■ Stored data
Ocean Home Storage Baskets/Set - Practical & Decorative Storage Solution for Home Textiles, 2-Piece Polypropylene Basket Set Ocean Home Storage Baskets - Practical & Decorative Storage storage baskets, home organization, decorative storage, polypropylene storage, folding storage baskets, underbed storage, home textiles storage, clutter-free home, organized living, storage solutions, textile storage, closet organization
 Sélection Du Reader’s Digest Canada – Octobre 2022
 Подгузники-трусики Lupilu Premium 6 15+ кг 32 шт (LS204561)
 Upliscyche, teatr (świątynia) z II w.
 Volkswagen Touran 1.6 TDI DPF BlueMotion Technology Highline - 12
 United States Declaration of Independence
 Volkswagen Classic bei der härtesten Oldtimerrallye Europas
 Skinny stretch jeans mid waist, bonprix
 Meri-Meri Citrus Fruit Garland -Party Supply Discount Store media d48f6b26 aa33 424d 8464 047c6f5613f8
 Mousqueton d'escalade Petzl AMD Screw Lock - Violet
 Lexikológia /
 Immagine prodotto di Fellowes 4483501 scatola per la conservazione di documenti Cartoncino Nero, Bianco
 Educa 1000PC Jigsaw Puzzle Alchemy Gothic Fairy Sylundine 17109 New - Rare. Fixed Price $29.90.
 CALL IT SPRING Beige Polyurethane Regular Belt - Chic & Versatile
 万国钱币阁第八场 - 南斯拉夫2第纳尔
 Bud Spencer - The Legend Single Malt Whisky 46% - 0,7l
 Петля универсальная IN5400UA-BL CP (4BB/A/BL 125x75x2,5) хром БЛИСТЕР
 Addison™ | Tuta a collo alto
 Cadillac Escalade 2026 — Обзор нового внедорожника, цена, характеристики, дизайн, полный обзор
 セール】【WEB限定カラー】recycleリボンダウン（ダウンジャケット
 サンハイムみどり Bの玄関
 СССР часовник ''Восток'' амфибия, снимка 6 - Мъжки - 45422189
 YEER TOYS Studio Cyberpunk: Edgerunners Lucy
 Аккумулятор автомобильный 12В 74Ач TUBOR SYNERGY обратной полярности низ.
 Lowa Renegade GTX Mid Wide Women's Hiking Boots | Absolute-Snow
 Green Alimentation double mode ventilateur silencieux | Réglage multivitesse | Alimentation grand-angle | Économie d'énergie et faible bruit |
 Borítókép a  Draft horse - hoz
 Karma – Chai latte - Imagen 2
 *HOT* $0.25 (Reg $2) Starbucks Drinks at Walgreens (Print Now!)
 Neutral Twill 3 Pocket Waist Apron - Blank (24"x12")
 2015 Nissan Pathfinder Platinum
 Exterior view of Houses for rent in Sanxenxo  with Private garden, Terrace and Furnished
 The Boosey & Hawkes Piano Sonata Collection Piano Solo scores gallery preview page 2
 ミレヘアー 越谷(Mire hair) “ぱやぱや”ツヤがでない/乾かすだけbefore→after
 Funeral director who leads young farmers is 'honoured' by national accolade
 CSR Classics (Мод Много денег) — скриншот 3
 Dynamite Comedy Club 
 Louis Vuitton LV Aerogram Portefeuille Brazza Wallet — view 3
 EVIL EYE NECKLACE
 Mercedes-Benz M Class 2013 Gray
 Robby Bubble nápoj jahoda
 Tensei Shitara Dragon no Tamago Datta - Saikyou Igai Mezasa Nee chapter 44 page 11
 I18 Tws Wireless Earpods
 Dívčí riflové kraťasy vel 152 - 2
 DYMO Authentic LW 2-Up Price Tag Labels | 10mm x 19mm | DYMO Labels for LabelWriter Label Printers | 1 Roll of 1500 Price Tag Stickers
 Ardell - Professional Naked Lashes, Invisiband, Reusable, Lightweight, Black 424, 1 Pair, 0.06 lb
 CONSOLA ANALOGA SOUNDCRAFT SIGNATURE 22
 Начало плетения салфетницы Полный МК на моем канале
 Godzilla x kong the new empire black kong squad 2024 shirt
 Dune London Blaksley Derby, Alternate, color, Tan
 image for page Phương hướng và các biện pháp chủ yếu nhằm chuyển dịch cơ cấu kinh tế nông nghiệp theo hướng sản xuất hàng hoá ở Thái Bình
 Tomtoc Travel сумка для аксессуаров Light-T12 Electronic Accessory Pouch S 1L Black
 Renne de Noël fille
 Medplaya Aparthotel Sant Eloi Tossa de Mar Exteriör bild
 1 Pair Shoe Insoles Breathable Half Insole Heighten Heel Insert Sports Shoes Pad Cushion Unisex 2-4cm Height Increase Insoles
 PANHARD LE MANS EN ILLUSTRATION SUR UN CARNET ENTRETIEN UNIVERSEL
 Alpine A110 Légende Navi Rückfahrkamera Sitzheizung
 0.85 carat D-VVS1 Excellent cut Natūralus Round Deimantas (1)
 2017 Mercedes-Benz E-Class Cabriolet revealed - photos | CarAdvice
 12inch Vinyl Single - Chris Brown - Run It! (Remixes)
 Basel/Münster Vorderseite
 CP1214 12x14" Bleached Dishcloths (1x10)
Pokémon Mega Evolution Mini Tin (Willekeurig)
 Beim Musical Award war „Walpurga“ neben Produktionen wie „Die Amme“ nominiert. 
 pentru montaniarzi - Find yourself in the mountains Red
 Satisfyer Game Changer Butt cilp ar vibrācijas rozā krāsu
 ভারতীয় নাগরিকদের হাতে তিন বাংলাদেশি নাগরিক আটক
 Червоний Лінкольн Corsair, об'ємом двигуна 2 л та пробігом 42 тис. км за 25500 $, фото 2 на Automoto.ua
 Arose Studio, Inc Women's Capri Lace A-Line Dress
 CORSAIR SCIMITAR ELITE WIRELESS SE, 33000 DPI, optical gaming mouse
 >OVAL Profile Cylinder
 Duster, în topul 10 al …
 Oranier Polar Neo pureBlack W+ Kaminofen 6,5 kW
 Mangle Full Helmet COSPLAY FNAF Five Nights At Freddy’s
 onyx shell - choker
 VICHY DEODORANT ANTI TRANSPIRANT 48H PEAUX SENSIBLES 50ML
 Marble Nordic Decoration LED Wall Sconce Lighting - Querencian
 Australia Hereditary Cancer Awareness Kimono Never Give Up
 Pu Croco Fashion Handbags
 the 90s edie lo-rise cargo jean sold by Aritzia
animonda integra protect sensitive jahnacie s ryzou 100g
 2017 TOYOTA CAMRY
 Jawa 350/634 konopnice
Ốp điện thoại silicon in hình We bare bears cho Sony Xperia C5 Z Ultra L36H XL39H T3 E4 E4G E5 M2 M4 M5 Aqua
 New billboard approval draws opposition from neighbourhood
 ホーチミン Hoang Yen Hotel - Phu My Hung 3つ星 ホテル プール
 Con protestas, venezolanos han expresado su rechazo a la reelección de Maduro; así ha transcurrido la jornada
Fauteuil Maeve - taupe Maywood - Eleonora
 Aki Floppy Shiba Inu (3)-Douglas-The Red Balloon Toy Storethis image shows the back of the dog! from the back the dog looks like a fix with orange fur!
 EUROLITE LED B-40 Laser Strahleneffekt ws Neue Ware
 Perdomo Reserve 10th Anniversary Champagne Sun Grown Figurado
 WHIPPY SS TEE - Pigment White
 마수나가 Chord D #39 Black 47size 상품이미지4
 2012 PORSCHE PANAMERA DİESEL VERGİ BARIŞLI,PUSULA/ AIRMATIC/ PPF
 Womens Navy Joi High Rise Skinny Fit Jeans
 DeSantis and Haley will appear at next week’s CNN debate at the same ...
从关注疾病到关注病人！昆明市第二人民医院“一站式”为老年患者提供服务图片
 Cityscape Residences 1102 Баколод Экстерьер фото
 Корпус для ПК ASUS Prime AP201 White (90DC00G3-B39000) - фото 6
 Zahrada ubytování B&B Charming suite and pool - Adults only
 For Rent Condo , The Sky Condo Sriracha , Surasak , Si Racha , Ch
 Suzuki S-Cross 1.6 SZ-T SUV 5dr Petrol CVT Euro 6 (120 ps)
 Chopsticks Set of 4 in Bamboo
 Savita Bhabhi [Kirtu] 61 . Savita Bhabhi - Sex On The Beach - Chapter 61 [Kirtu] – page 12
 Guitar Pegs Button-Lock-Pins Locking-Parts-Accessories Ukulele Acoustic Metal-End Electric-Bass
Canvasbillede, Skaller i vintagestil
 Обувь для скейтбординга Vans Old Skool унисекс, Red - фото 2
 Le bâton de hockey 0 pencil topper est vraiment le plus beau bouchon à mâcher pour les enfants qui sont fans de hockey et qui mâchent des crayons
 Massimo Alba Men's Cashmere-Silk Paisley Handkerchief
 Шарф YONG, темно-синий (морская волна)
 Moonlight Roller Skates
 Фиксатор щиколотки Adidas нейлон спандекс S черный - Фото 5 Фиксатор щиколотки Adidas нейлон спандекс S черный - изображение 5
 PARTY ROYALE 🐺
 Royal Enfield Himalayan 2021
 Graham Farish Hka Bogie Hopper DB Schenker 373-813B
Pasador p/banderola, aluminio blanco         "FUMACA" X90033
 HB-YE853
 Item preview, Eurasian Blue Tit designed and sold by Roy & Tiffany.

■ Exercise instructions
How many lines in the records above contain the word "from"? Reply with the number alone.

■ Solution for this exercise
2